TRY IT> Take the lines below between the one holding "AQUAEL LEDDY MINI" and the one holding "目指す_指差す_ファミリー＿", inclusive, and copy them exactly. Add nothing.

Items from a dataset:

··········

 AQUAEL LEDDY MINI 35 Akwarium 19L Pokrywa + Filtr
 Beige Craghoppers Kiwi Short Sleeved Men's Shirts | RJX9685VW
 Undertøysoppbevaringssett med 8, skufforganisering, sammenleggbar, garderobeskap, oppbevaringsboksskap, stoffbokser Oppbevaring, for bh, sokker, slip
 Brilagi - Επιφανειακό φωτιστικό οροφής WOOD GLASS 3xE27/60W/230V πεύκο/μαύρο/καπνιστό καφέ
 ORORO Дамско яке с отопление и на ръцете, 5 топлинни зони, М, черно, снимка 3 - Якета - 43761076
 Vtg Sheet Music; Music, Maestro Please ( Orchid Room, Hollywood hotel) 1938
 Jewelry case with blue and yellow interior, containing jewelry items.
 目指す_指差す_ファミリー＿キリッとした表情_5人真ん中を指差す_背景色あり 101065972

··········

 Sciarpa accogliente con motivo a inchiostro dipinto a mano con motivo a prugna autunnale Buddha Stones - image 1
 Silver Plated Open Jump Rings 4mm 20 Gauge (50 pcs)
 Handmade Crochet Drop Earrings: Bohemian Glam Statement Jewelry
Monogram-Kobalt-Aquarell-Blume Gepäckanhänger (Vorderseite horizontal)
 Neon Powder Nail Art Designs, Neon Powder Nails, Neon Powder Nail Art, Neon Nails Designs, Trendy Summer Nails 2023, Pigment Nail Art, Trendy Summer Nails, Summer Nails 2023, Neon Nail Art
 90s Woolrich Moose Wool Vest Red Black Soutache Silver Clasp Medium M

··········

FINISHED EXERCISE>
 AQUAEL LEDDY MINI 35 Akwarium 19L Pokrywa + Filtr
 Beige Craghoppers Kiwi Short Sleeved Men's Shirts | RJX9685VW
 Undertøysoppbevaringssett med 8, skufforganisering, sammenleggbar, garderobeskap, oppbevaringsboksskap, stoffbokser Oppbevaring, for bh, sokker, slip
 Brilagi - Επιφανειακό φωτιστικό οροφής WOOD GLASS 3xE27/60W/230V πεύκο/μαύρο/καπνιστό καφέ
 ORORO Дамско яке с отопление и на ръцете, 5 топлинни зони, М, черно, снимка 3 - Якета - 43761076
 Vtg Sheet Music; Music, Maestro Please ( Orchid Room, Hollywood hotel) 1938
 Jewelry case with blue and yellow interior, containing jewelry items.
 目指す_指差す_ファミリー＿キリッとした表情_5人真ん中を指差す_背景色あり 101065972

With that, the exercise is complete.